Three properties make the SGNO interesting:

  • Smoothness in spectral space. Atoms with similar spectral coordinates get similar predicted connectivity, which is exactly the inductive bias the Laplacian embedding was constructed for.
  • Global context for free. The kernel sees long-range structure through the spectral coordinates, without needing explicit message-passing depth to propagate it.
  • Resolution invariance. The kernel is a function of pairwise spectral coordinates, not of a fixed atom-count grid, so the same decoder applies to molecules of any size.

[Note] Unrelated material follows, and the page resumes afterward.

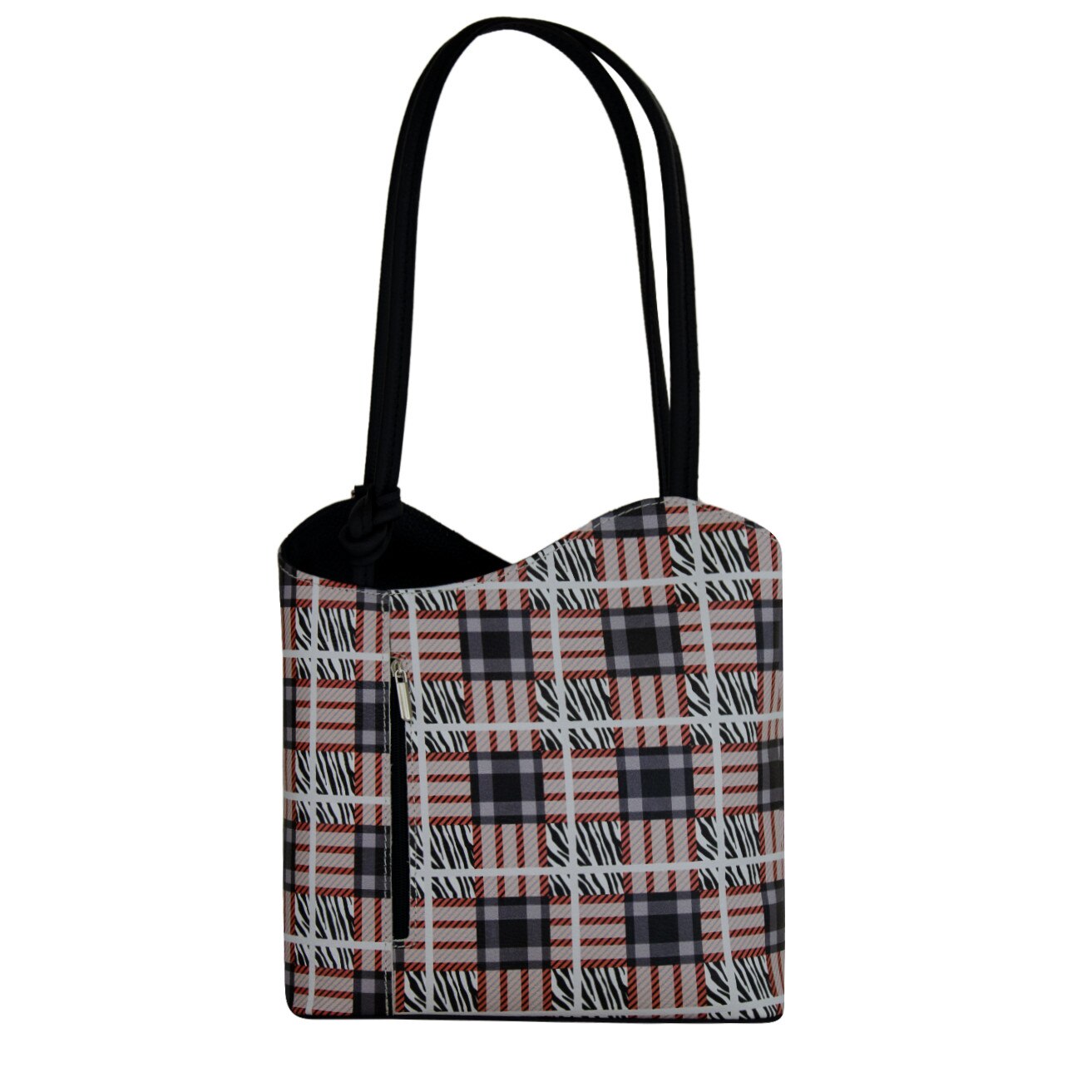 Geanta de dama din piele naturala Eva Bags, Iris multicolor 2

The cost is the dense N×NN \times N expansion of the kernel grid. For larger systems, chunking the rows or switching to a distance-based kernel (e.g. torch.cdist on the spectral coordinates) keeps memory manageable. That tradeoff sits in the SGNO module rather than the diffusion model itself, so the two stages can evolve independently.

What I keep an eye on

A short list of failure modes and open questions, in roughly the order they tend to bite:

  • Projection loss vs. eigenvector loss balance. Too much weight on the eigenvector MSE and the model starts trying to fit a single basis representative, fighting the sign/rotation symmetry; too little and the columns drift away from orthonormality. The current default of projection_loss_weight = 1.0 is a working starting point but not obviously optimal across atom counts.
  • Cospectral mass. What fraction of the training set lies on cospectral collisions, and does the model degrade gracefully on those? Cospectrality is fundamental, but it’s worth knowing how often it actually bites.
  • MS isomer plateaus. The conditional distribution of structures given a spectrum has support on multiple isomers. The metric I want is calibrated coverage of that set — a top-kk similarity over reverse-diffusion samples is a better fit than a single-point accuracy.
  • Padding pathologies. Mask conventions are checked at runtime, but a small bug in mask construction silently corrupts cross-attention. Padding tests stay near the top of the test suite for that reason.

Where this is going

The next concrete milestones are honest evaluation on a public dataset and a real comparison between the transformer decoder and the SGNO kernel. The recently merged work integrates the MassSpecGym benchmark — dataset, eval harness, and SGNO training — so the next set of results will be on that, rather than on the synthetic padded batches in spectral_diffusion.py.

Spectral diffusion is not going to “solve” MS-to-structure on its own; the limits are partly information-theoretic and partly chemistry-shaped. What it can plausibly do is produce a calibrated set of structure hypotheses for a given spectrum, in a representation that downstream chemists and other models can both read.